## Stored data
Content starts

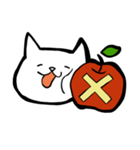 cat and apple2English（個別スタンプ：2）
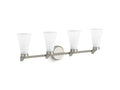 KOHLER K-26849-SC04-BNL Simplice Four-Light Sconce - Brushed Nickel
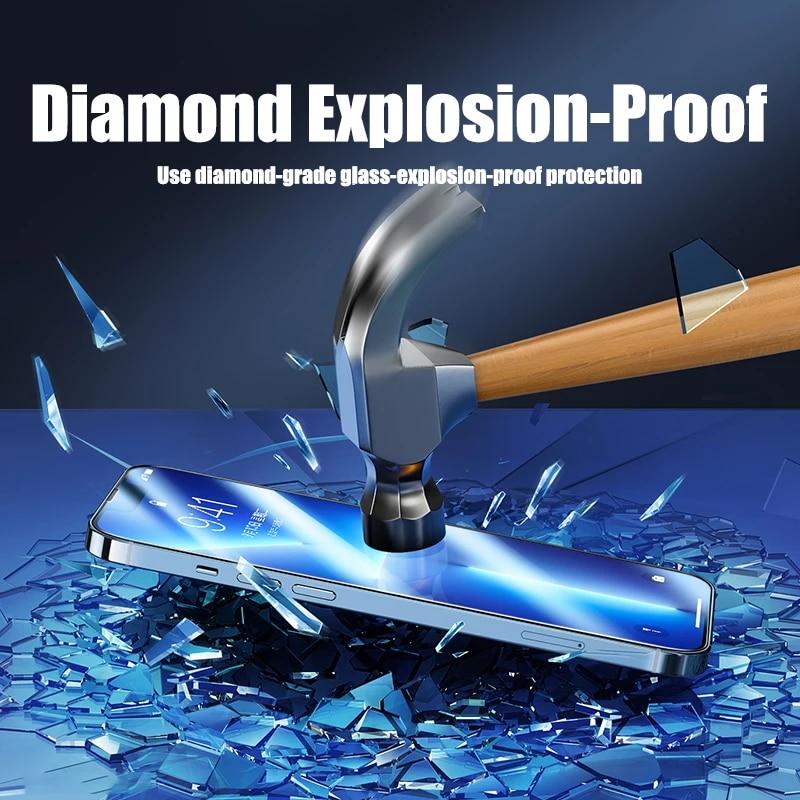 4 шт. полное покрытие закаленное стекло для iPhone 11 12 13 14 15 Pro Max Защитная пленка для экрана iPhone X XR XS Max 7 8 6 Plus Стеклянная пленка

Content ends

## What you will do
From the first line to the last, write out the data exactly, dropping any pictures.

## Answer for the task
 cat and apple2English（個別スタンプ：2）
 KOHLER K-26849-SC04-BNL Simplice Four-Light Sconce - Brushed Nickel
 4 шт. полное покрытие закаленное стекло для iPhone 11 12 13 14 15 Pro Max Защитная пленка для экрана iPhone X XR XS Max 7 8 6 Plus Стеклянная пленка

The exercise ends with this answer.